La question des victimes
Alors qu’elles sont représentées par le Représentant légal des victimes au procès de Gbagbo et Blé Goudé, les victimes de la crise post-électorale réclament justice.
« Nous pensons que l’impunité doit prendre fin en Côte d’Ivoire », déclare Issiaka Diaby, président du Collectif des victimes de Côte d’Ivoire (CVCI).
« Nous nous occupons de toutes ces victimes en Côte d’Ivoire et partout dans le monde. On lutte contre l’impunité par l’application des lois nationales et internationales. Ce, pour parvenir à rétablir les victimes dans leur dignité », poursuit-il.
Ce collectif est-il représentatif de toutes les victimes de la crise ivoirienne ? Dans son édition du 5 août 2016, le quotidien ivoirien Le Temps, proche de l’opposition, met en doute l’impartialité de cette association de victimes.

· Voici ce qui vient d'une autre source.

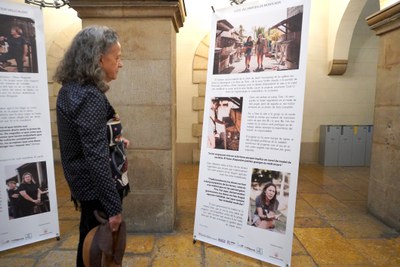 L’exposició “L’Horta amb arrels de dona” es pot veure fins divendres al pati del Palau de la Paeria.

Le journal accuse le premier responsable d’être proches des autorités ivoiriennes et d’être engagé pour le recrutement de témoins à charge dans le seul but de faire condamner Laurent Gbagbo.
« Plusieurs témoins qui sont passés et qui vont passer devant la chambre de première instance I de la CPI, ont été recrutés et conditionnés par le Collectif des victimes en Côte d’Ivoire (CVCI) d’Issiaka Diaby », écrit le journal.
Pour que les affaires ouvertes par la CPI en Côte d’Ivoire favorisent la réconciliation, les spécialistes estiment que la justice ne doit pas être un outil de règlements de compte politique. L’appareil judiciaire doit envoyer des signaux forts d’indépendance à travers les poursuites engagées contre tous ceux qui ont une responsabilité quelconque dans les faits actuellement jugés. Le but étant d’avoir des procès irréprochables en tout point et qui aide à rapprocher les Ivoiriens. Une telle démarche permettra même à la CPI de lâcher du lest et de faire davantage confiance aux procédures nationales.
« La réconciliation viendra du signal fort et des garanties que la justice offrira en vue de remettre la confiance entre ivoiriens et qui fera que chaque ivoirien sera convaincu qu’il peut régler ses problèmes par la justice, obtenir réparation par la justice. A Côté de cela, la volonté politique doit aller dans le sens de la réconciliation. Il ne faut pas simplement la scander puis prendre le contresens » explique Éric Aimé Semien.
A titre d’exemple au plan national, les autorités judiciaires doivent s’engager à juger les détenus politiques incarcérés depuis 5 ans ou tout simplement les libérer en attendant leur procès. Au-delà, il faudra faire la jonction entre les procès nationaux et ceux qui se tiennent à La Haye et qui devront aussi être par moments retransmis pour informer les ivoiriens. La réconciliation est un processus délicat surtout dans le contexte ivoirien. « Où la justice nous aide, où elle nous enfonce » conclu Éric Aimé Semien.
Aujourd’hui, les ivoiriens restent divisés sur les poursuites engagées par la CPI. Pendant que certains réclament la libération de Gbagbo, d’autres estiment que les procédures doivent aussi visées le camp Ouattara. Et le fait que l’ancien président ivoirien et son ministre de la jeunesse soient les seuls pour l’instant jugés à La Haye ne favorisent pas la réconciliation mais renforcent le sentiment d’une justice à double vitesse.